One of the things I like about The Bad Feminist, is your acknowledgment of a position on a spectrum of feminism. Is this a position you consciously sought to place yourself, or is it more a case of realising and embracing your place, rather than trying to force yourself to meet an expectation?
It's both, really. We have to make space for ourselves in the movements that matter most to us. But I was able to make space for myself within feminism by recognizing and embracing the ways in which I live my feminist ideals and the ways in which I fall short.
You’ve previously suggested too many women are afraid to be labelled as feminists; do you think this still the case? Or has it perhaps been lessened by prominent social movements such as #MeToo and #TimesUp?
This is absolutely still the case. There are so many women who are reluctant or afraid or unwilling to be labeled as feminists, for a range of reasons. But mostly, they shy away from the label because they know there is a social cost, despite the prominence of MeToo or TimesUp.
Your forthcoming book, Not That Bad looks at rape culture. Do you think it is time that we shifted the language and focus on this, and begin calling it ‘rapist culture’?
‘Rape culture’ is an appropriate name for what rape culture is and it includes looking at rapist culture, but to only call it rapist culture leaves out some critical issues regarding rape culture, how people are conditioned to see sexual violence, how popular culture reinforces certain ideas about sexual violence, etc.
I’ve seen you described as a representative of intersectional feminism - how far do you think we still have to go before intersectionality ceases to be seen as an offshoot of feminism?
We're still defining what intersectional means, which is a pretty damning measure of how far we have to go. I do hope for a day when feminism simply stands for intersectional feminism, as it should, but first people have to understand that women inhabit multiple identities that must be considered when discussing matters of equity and equality.

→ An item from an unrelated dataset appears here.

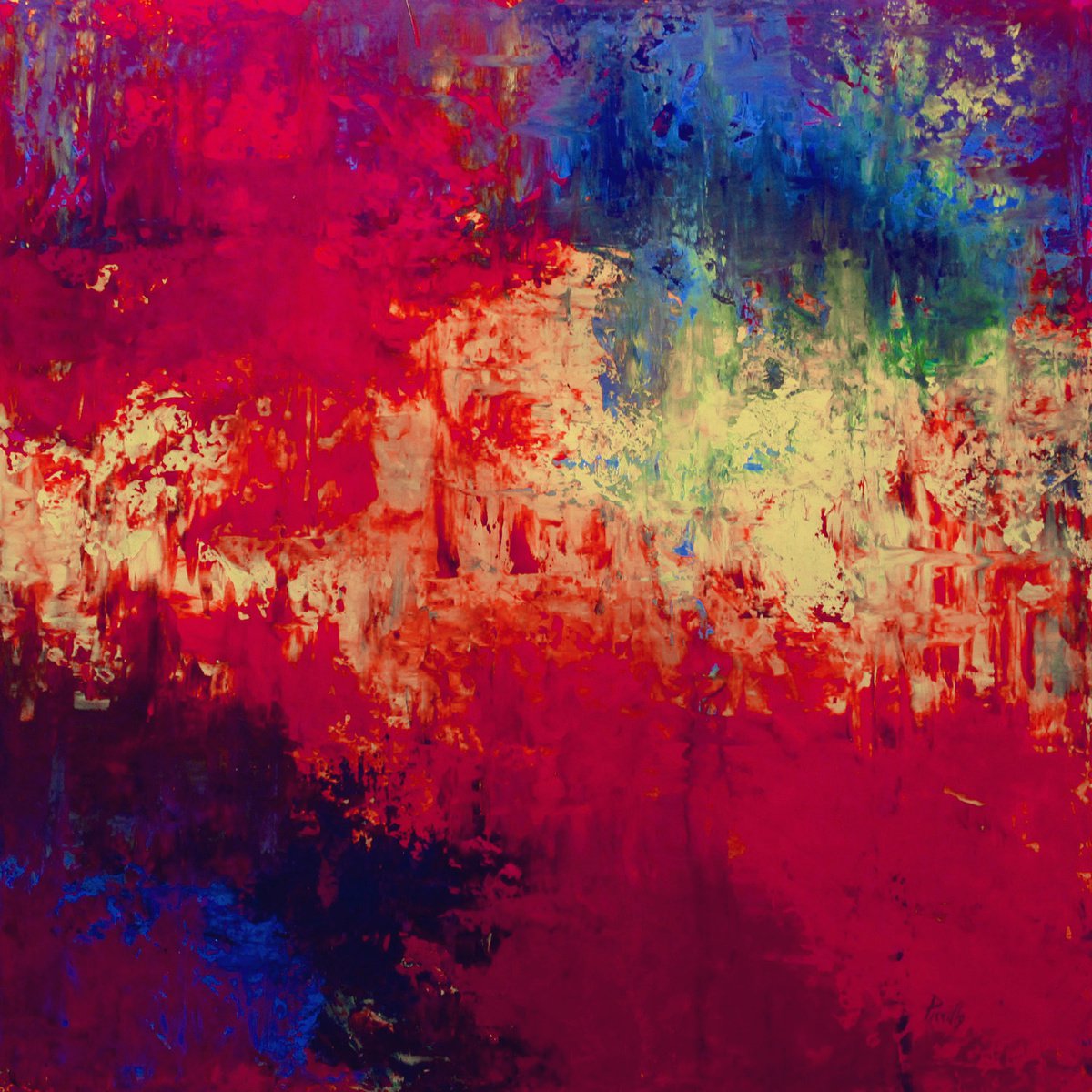 Organic Abstract Acrylic Painting By Joseph Piccillo, 30 X 30, La Trinita #3, Original Artwork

Lastly, is it still possible for someone to be a feminist, and yet crank up the volume on rap tracks featuring misogynistic and degrading lyrics?
I wrote a whole book about this. Yes, it is possible to be a feminist and listen to misogynistic music. That said, at some point we have to hold ourselves accountable for the pop culture we consume. The more we demand such music, the less incentive musicians have to change what they supply.